He said that his income was an invalid pension of $290 per fortnight.  He said that his son had made a gross profit farming the Alawoona property of $21,000.

The application was successful and on 4 April 1997 Williams J varied his earlier order.

In particular he varied the order relating to the property situate at Lots 1 and 2 Hayles Road to allow Lorenzo Belmonte and his wife to mortgage or sell the property and pay any moneys received from such mortgage or sale to the credit of the trust account of D P Waye, solicitor.  He made consequential orders in relation to the further dissipation of those funds.

Mrs Belmonte has not been charged with any offences.  She did not file any affidavits in relation to that application.  It was assumed tacitly that she would agree to the mortgage of her interest in the property.

The Hayles Road property was offered as security for a mortgage to Adelaide Finance Company.  The sum of $80,000 was borrowed.  That sum was used to repay the amount owing to the Commonwealth Bank by Mr Lorenzo Belmonte and Mr Carmelo Belmonte.  The balance of the money was paid to the trust account of Mr D P Waye.

The matter proceeded to trial.  I am told that after the completion of the voir dire the matter was adjourned.  I am not sure why the matter did not proceed immediately after the voir dire hearing.  As I understand it Mr P N Waye appeared for Mr Lorenzo Belmonte and Mr M J Waye for Mr Carmelo Belmonte.

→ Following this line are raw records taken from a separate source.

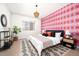 Main bedroom with patterned wall and cozy bedding at 5363 Quail St, Arvada, CO 80002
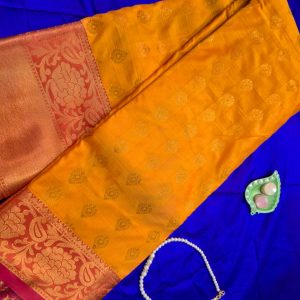 a vibrant mustard yellow art silk saree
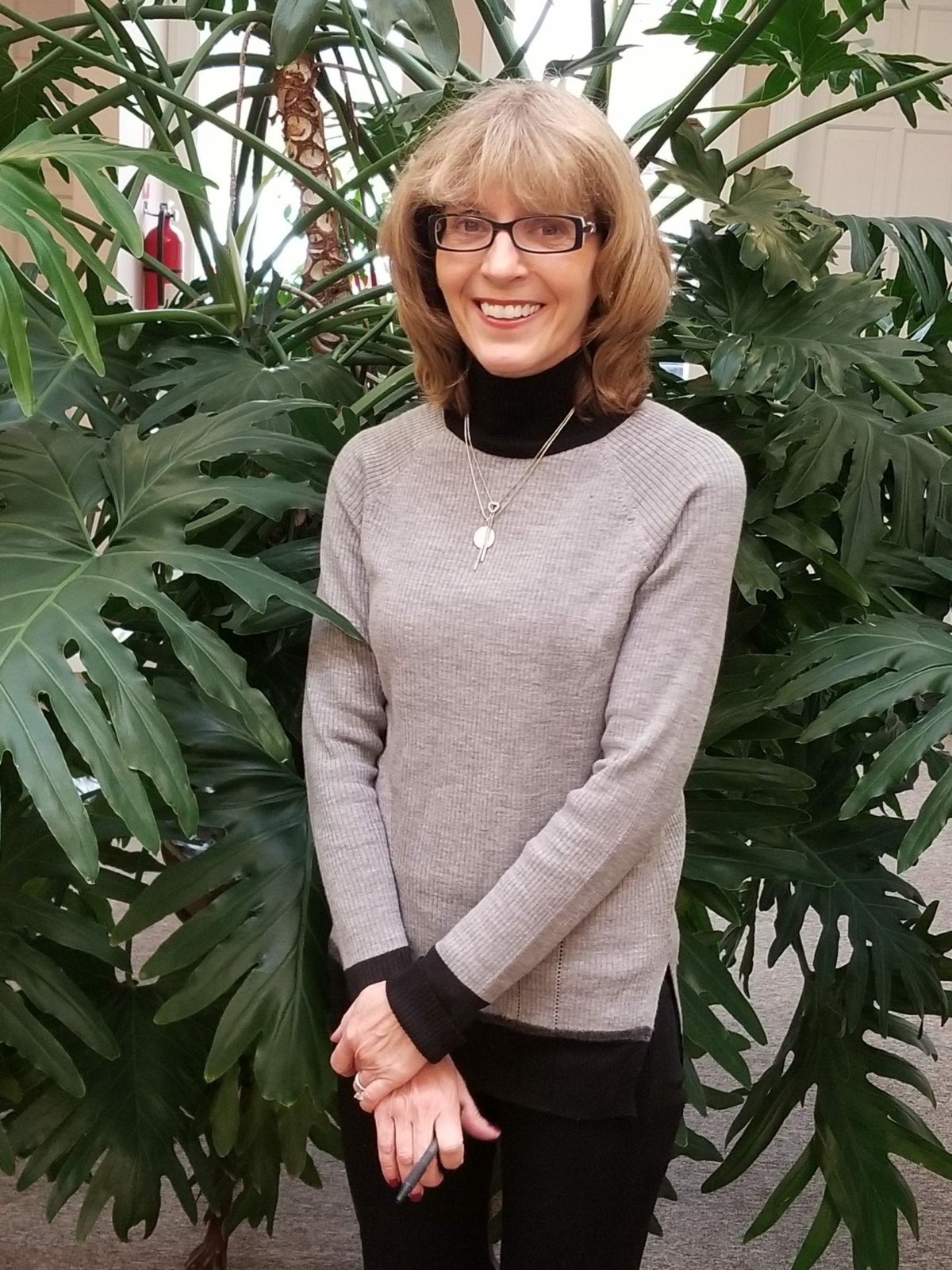 Trish standing in front plant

On 23 December 1997, Lorenzo Belmonte made a further application to the Court in the following terms:

“1.That the order of the Honourable Justice Williams made on the 15th day of December, 1995 prohibiting the defendant from dealing with the property referred to in paragraphs 1. (a) and (b), namely the property situate at Sections 57 and 58 Hundred of Alawoona in the said State, be discharged or varied so that the said property subject of the order can be accessed as necessary to satisfy the continuing legal costs of the defendant and his son, Carmelo Belmonte, in the defence of the proceedings before the District Court and that the proceeds of sale of the said property be disbursed as follows:-

(i)$29,000 to the trust account of D P Waye.

(ii)The balance to the Crown Solicitor to be held in trust until the finalisation of this action.”

That application was supported by an affidavit of Lorenzo Belmonte in which he deposed to his personal circumstances and the acquisition of various pieces of property over a number of years.

He said that the property at Hayles Road was purchased jointly by himself and his wife in 1984 for $137,000.  He and his wife reside in the house on that property.  It is subject to a mortgage to Adelaide Finance Company of $80,000 and would be subject to a further mortgage if the application was granted for a further sum of $29,000 to finance his legal expenses in relation to the further trial.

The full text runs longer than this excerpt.